Using better process technology is easier said than done. It cost truckloads of money to change the manufacturing process. It is a brute force approach. Isn't there a more subtle intelligent ways of things ? After all the Alpha engineers laugh at 500 MHz (.25), they attained 600 MHz with the older .35 process! 

Ok let us try to alter our first CPU, because the first Ace's hardware CPU would be running at 10 MHz or less! (If you find it in the your local shop, don't buy it! ) 

Another way could be to do less work in a clock cycle. Instead of doing 7 steps in one clockcyle, let us do 1 step in one clockcycle. If we do less in one clockcycle some of Ds will disappear, and we will be able to use much smaller clockcycle. 

That seems to be plain stupid! That would mean that (in this example), the same instruction would take 7 times longer to deliver results. Isn't  that pure nonsense? Nope, this is where pipelining comes in (more info here)! 

Pipelining enables you to make each component of your CPU work simultaneously each clockcycle. For example let us say we have 4 main components in our CPU, each has another task in the data flow: 
A fetcher, which looks up the next instruction. 
A decoder, who makes sense out of the instructions. 
An ALU, who executes the instructions. 
A retire unite, who writes the results back to the memory. 

Well if our design is pipelined, the fetcher will be fetching instruction 4, the decoder will be decoding instruction 3 , the ALU will execute instruction 2, and the results of instruction 1 will be written back to the memory by the retire unit during the same clockcycle. In other words each clockcycle will there be an instruction that will be finished. 

 

Superpipelining, or pipeling with a lot of stages, enables us to do less in a clockcyle and to the outside it will still appear as if the CPU is able to execute those instructions in one clockcycle. When we do less in a clockcycle, the clockspeed can be much higher. 
 

So why not increase the number of stages significantly ? 

So why don't chip bakers make CPUs with 20 stage super pipelining? Well deep pipelines increase the likelyhood that a pipeline stall may occur. We will explain this in greater detail shortly.

For now imagine that instruction 2 consists of B = A +1 and instruction 1 consists of 
A = C*2. If it takes 20 cycles to calculate A, instruction 2 can not begin but after 29 clockcycles! 
The deeper the pipeline the worse the stall will be if a value that is needed is still being calculated. 

Deep pipelines are not the only way to get high clock speeds. You can also try to do more in parallel. Remember it is actually the number of operations that must be done serially that increases the length of a single cycle.

Putting it all together. 

You may recall from Understanding the performance of the K6-3 that the K6-family has a 6 stage pipeline. The PII however has a 12 stage pipeline!

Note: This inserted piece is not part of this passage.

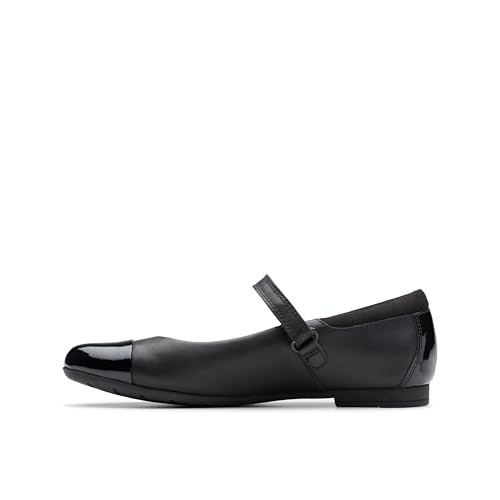 Clarks Mädchen Scala Gem K Geschlossene Ballerinas, Schwarzes Leder, 33.5 EU Weit von Clarks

Although the K6 has better ALUs (a smaller D ALU) and better decoders (they do more in parallel), is it very difficult for the K6-3 to reach the same clock speeds as the PII if they are using the same production process. The .35µ K6 maxed out at 233 MHz, while the .35µ PII maxed out at 300 MHz . 

The K6 does more each clockcycle. Luckily the components of the K6 can do more in parallel then the PII and so the difference is not 100%. What counts is the amount of serial operations (Ds) remember? 

Mind you, as I said before, it is not the only explanation for the difference between the K6 and PII maximum clock speeds, but it does explain why some CPUs can reach much higher speeds than others. 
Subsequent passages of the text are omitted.